Bedienungsanleitungen sind oft schwer verständlich oder sogar falsch. Das Erstellen von guten Anleitungen ist eine Kunst für sich und will gelernt sein. Das Handwerkszeug dazu wird im neuen Master-Lehrgang „Technische Dokumentation“ vermittelt, der an der FH JOANNEUM im Sommersemester 2017 am Institut Journalismus und Public Relations startet.

Präzise, technische Beschreibungen sind nicht nur ein Qualitätsmerkmal eines Produkts und wesentlich für die Kundenzufriedenheit, sondern auch eine wirksame Absicherung gegen teure Produkthaftungsklagen und Gewährleistungsfälle. Der neue Master-Lehrgang „Technische Dokumentation“ zeigt ab März 2017, wie es geht.

Was Sie über den neuen Master-Lehrgang wissen müssen
  1. Das Berufsbild der Technischen Redakteurin beziehungsweise des Technischen Redakteurs ist in Österreich noch relativ wenig bekannt. Was kann man sich unter Technischer Dokumentation vorstellen?
    Die Technische Dokumentation dient der Information und Instruktion zu technischen Produkten und der haftungsrechtlichen Absicherung des Herstellers. Technische Redakteurinnen und Redakteure sind die Mittler zwischen den Produkten beziehungsweise deren Technologien und den Anwenderinnen beziehungsweise Anwendern in allen Zielgruppen: vom Montage- und Servicepersonal bis hin zu den Endverbraucherinnen und -verbrauchern.

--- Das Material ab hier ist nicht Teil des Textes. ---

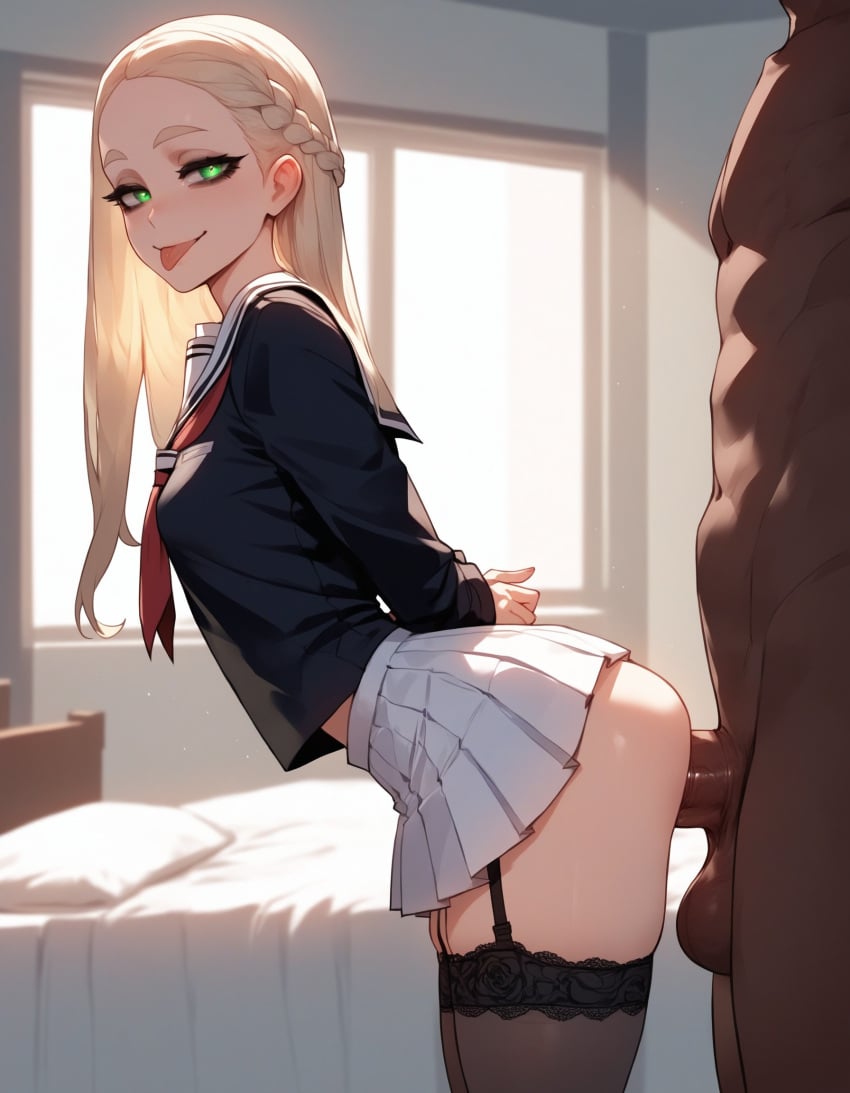 1girls ai_generated artstyle_imitation ass bedroom big_penis blonde_female blonde_hair dark-skinned_male dominant_male earrings flat_chest green_eyes interracial light-skinned_female naughty naughty_face pale-skinned_female school_uniform schoolgirl seductive seductive_look sex small_breasts straight_hair thiccwithaq_(ai_style) thick_ass thick_legs thick_lips thick_thighs thighs veiny_penis victoria_(xandr) xandr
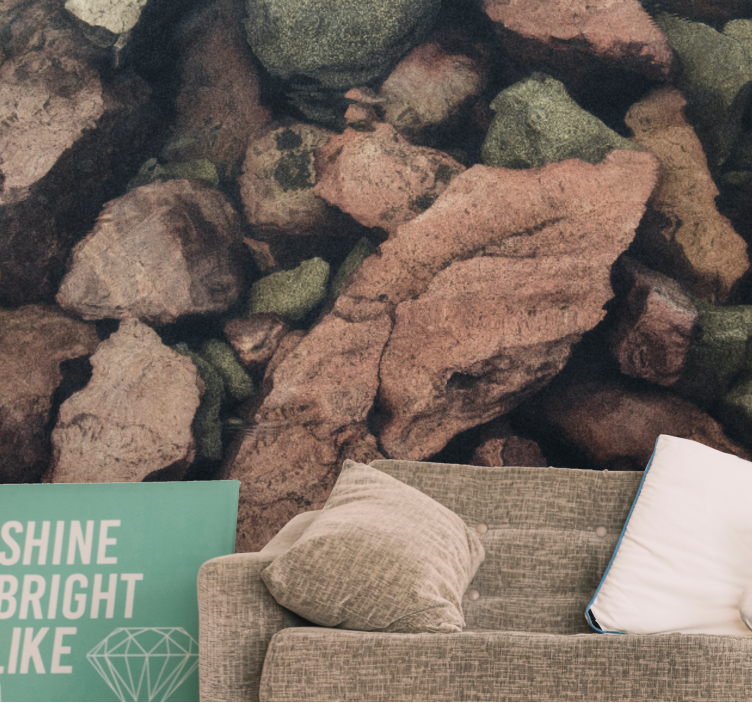 Stone wall mural rocky texture design - TenStickers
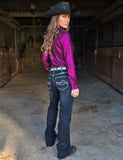 Cowgirl Tuff - Dark Charcoal DFMI Bootcut Jeans – Natural Waist Tuff Flex Denim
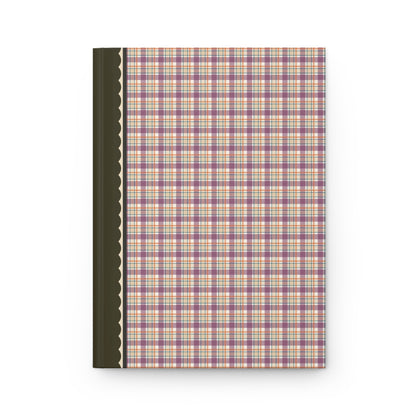 Plaid Notebook with Hearts: Purple
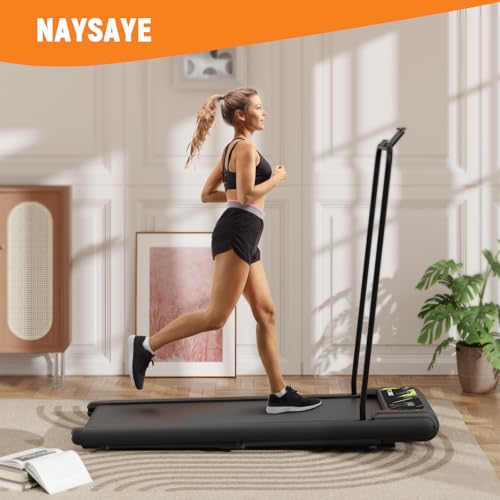 Image of NAYSAYE Walking Pad with Handle Bar, Walking Pad Treadmill with Incline, Walking Treadmills for Home with Screen, 2 in 1 Portable Under Desk Treadmill for Home, Remote Control, Smart App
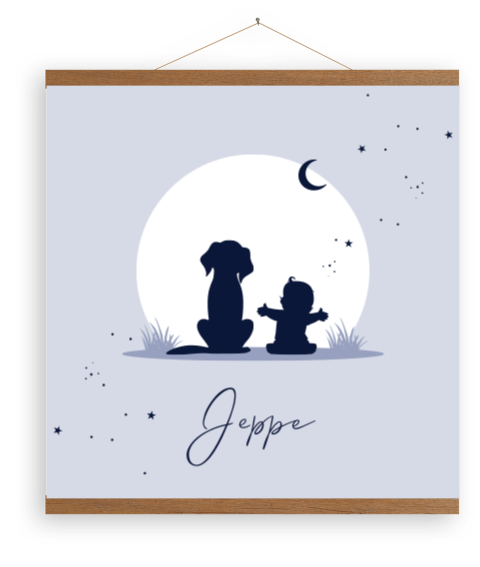 Blauwe canvas poster met silhouet hondje en baby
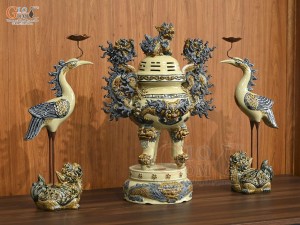 Bộ đỉnh hạc men hoàng tộc, đỉnh cao 60cm, hạc cao 56cm (Cả Chân Kê)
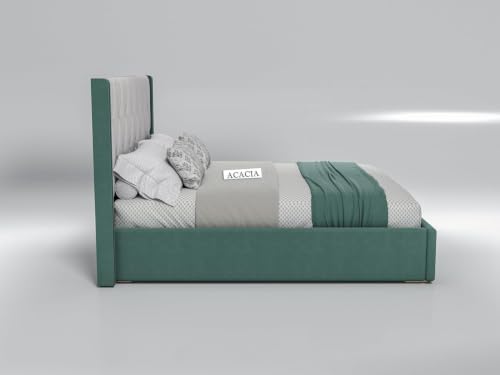 Image of Acacia Modern Upholstered King Size Bed with Hydraulic Storage for Bedroom | Wooden Furniture Double Beds for Home & Hotels, Platform Cot with Upholstery Fabric, 6.5 x 6 Ft, Sheesham Wood, White-Green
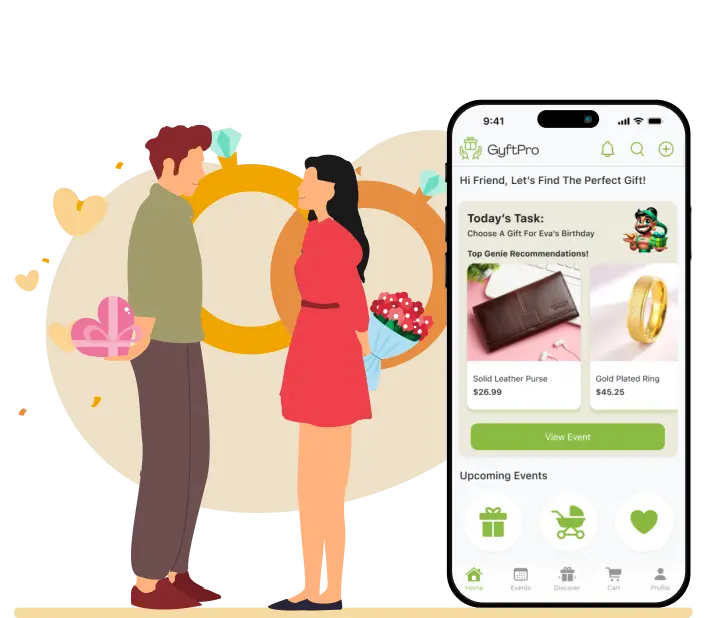 A couple exchanging gifts with each other beside the Gyftpro App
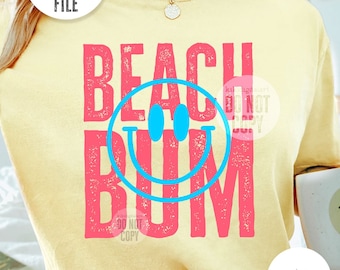 Smile Beach Bum PNG / Summer png / Beach Bum T-shirt png Sublimation Designs / Smile Face png / Beach png Beach Life png digital download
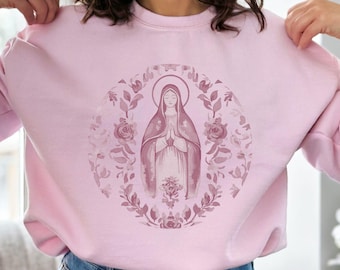 Felpa con la Vergine Maria, maglione unisex cattolico, regalo d'arte mariana per i cristiani, maglietta della Beata Maria, regali cattolici per le donne, regalo di devozione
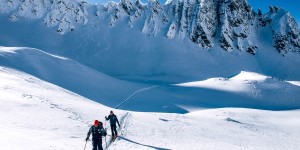Beitragsbild des Blogbeitrags Freeride-Skitour: Kleine Karwendeldurchquerung 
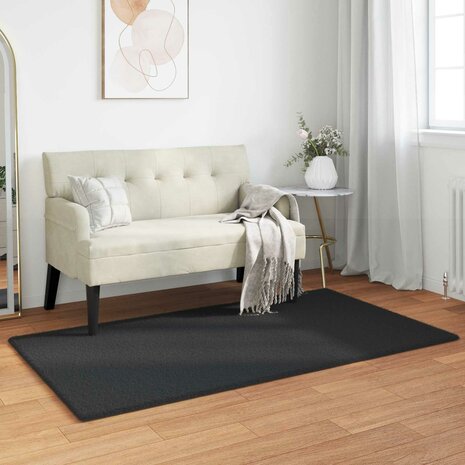 Nep Konijnenbont Tapijt Olite Zwart 80 x 150 cm Polyester 1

  2. Was sind die Schwerpunkte des Lehrgangs?
    Technische Redakteurinnen und Redakteure sind zunehmend als Projektmanagerinnen und
    -manager für die gesamte Prozesskette der Erstellung von Dokumentationsprodukten verantwortlich. Aus diesem Grund wurde bei der Erstellung des Curriculums besonderer Wert darauf gelegt, neben einer Einführung in die Grundlagen der Technischen Dokumentation und einer wissenschaftlichen Vertiefung der Kernkompetenzen den Studierenden einen Überblick über alle relevanten Teilprozesse zu vermitteln.

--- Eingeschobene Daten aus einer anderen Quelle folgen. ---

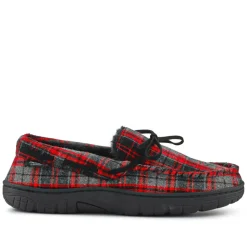 Warm-Lined Corded Slippers - Grey-Red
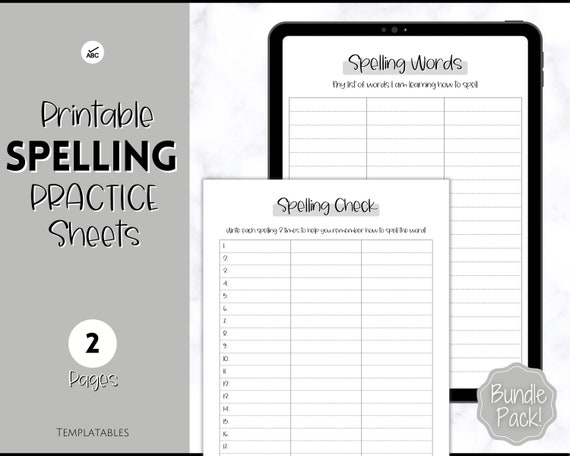 Spelling Practice Printable Spelling Words Sheets Sight Word Etsy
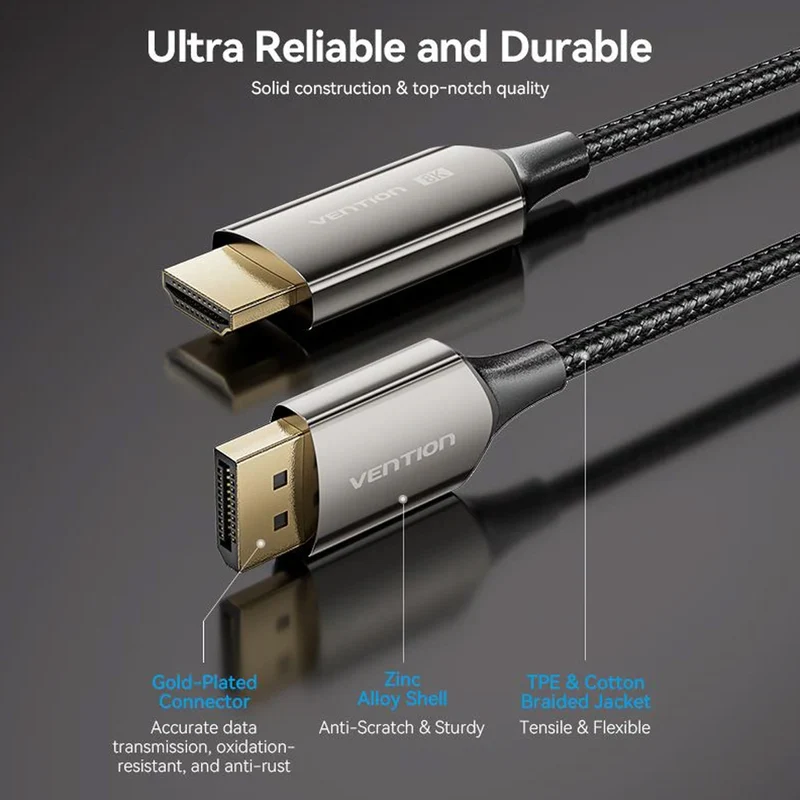 Vention Cotton Braided 8K DisplayPort Male to HDMI Male Cable - Black Zinc Alloy Type 1.8M (HFPBAC)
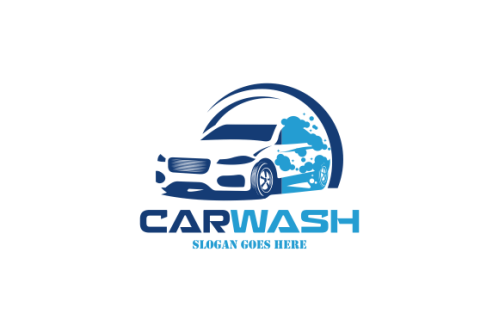 Flat car wash logo background. Best logo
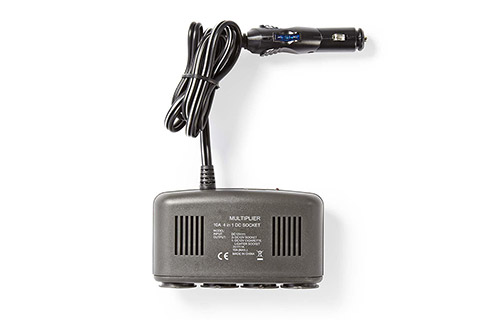 Cigarettænder splitter 4x12V + USB-A - top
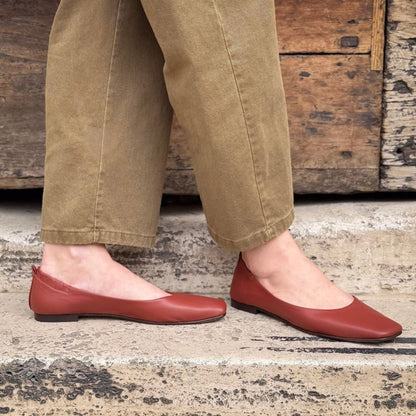 Minimalist Brick Red PU Leather Square Toe Flats [Pre Order]
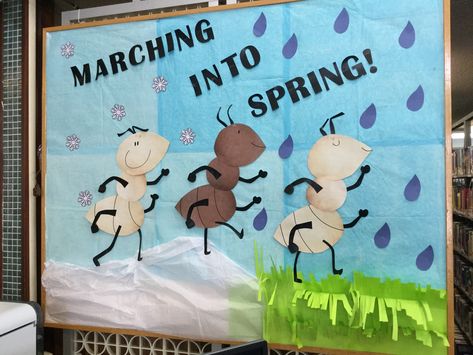 March Into Spring Bulletin Board, Spring Library, Doors Decoration, Pe Bulletin Boards, Middle School Bulletin Boards, Easter Bulletin Boards, March Bulletin Board, School Display, Library Bulletin Board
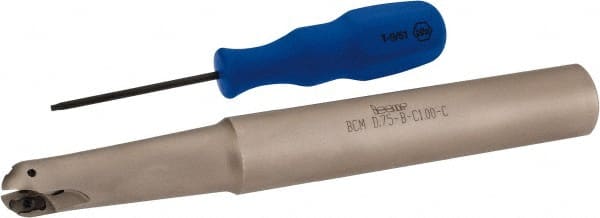 Iscar - 3/4" Cut Diam, 0.61" Max Depth of Cut, 1" Shank Diam, 8" OAL, Indexable Ball Nose End Mill - 3" Head Length, Straight Shank, BCM Toolholder, BCR D.75 Insert - Exact Tooling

  3. Wie ist der Lehrgang organisiert?
    Der Lehrgang ist berufsbegleitend organisiert mit einer Regelstudiendauer von drei Semestern und dem Abschluss „Master of Science“. Die Präsenzphasen an Wochenenden und dazwischen liegende E-Learning-Phasen erleichtern berufstätigen Studierenden die Teilnahme.

  4. Warum wird das Ausbildungsangebot als postgradualer Lehrgang umgesetzt?
    Der Lehrgang ist zielgruppenspezifisch organisiert, das wissenschaftliche und didaktische Konzept baut auf die Berufserfahrung der Studierenden auf. Eine Marktanalyse hat gezeigt, dass in vielen Firmen die Aufgabe der Technischen Dokumentation von Quereinsteigerinnen und -einsteigern ohne qualifizierte Ausbildung wahrgenommen wird.

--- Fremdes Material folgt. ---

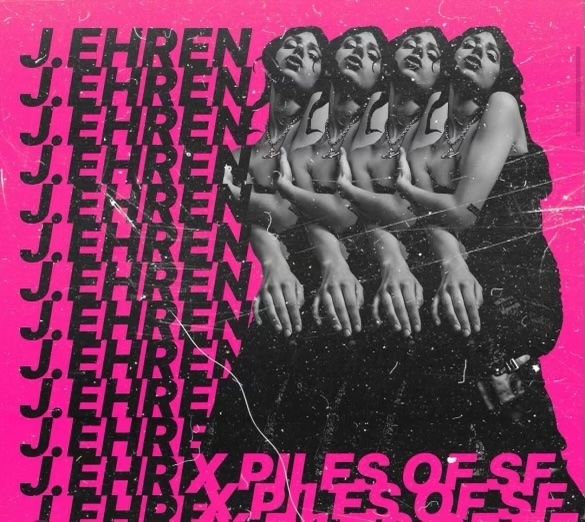 Flier with J.ehren in black lets with pink background and a black and white figure.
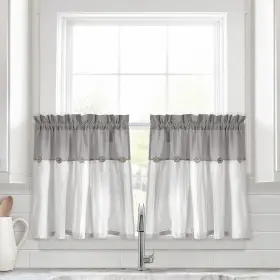 Lush Decor 194938031837 Linen Button Kitchen Tier Window Curtain Panel Gray 29 Inch X 24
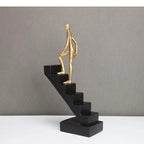 Gold-plating Climber Character Resins Sculpture Climbing Ladder Figure Statue Ornaments Desk Decoration... - House Of Avana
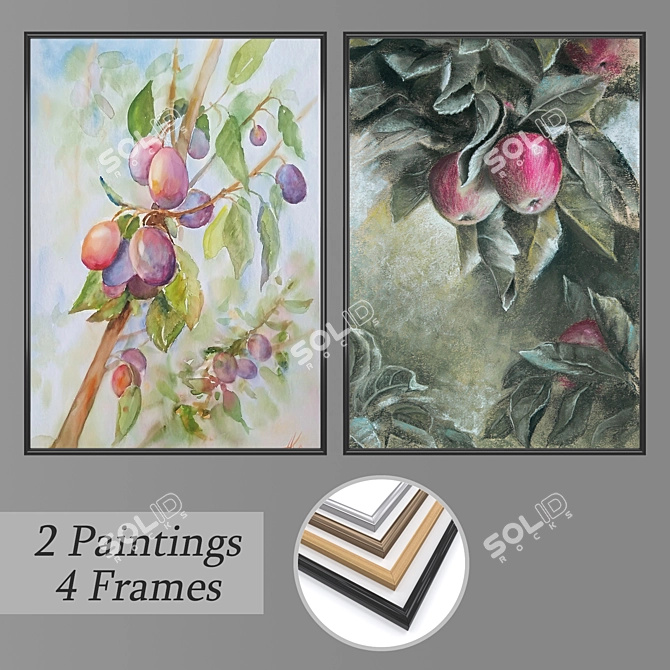 Title: Wall Art Set | 2 Paintings, 4 Frames 3D model image 1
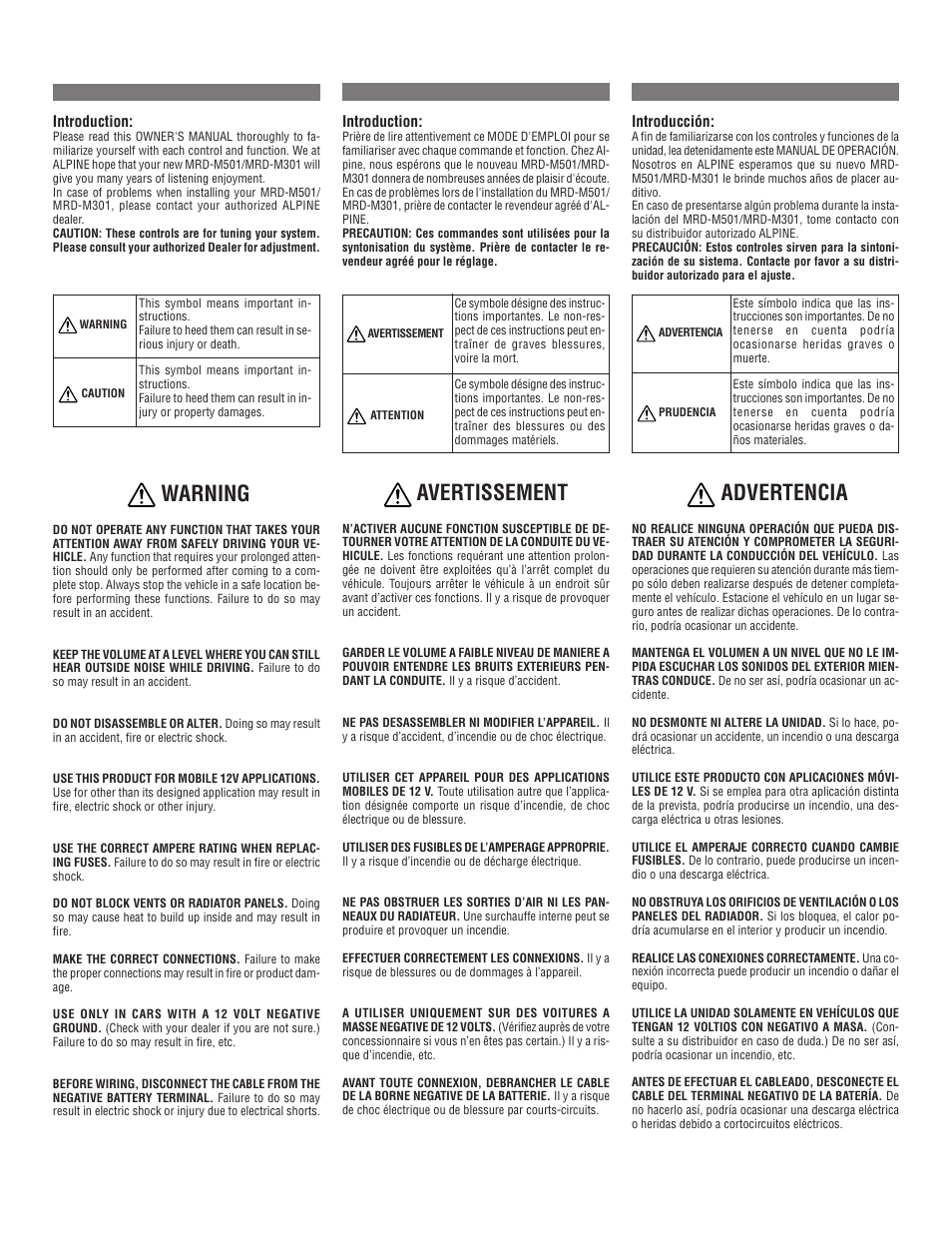 Warning, Avertissement, Advertencia | Alpine MRD-M501 User Manual | Page 2 / 20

  5. Was sind die Aufnahmevoraussetzungen?
    Gefordert sind entweder ein abgeschlossenes Studium mindestens auf Bachelor-Niveau oder eine Studienberechtigung in Verbindung mit einer mindestens 5-jährigen einschlägigen Berufspraxis.

  6. Ab wann kann man sich anmelden?
    Der Lehrgang startet im Sommersemester 2017, die Anmeldung ist ab 1. September 2016 möglich. Bewerbungen werden in der Reihenfolge ihres Eintreffens bearbeitet, nach einem Bewerbungsgespräch erfolgt zeitnah die Aufnahmeentscheidung.

Der Master-Lehrgang „Technische Dokumentation“ wurde von Werner Schwaiger initiiert. Er war in einem deutschen Industriebetrieb viele Jahre für dieses Thema zuständig. Die inhaltliche Entwicklung des Lehrgangs passierte in Kooperation mit Konrad Baumann, Heinz Wittenbrink und Heinz M. Fischer vom Department für Medien & Design.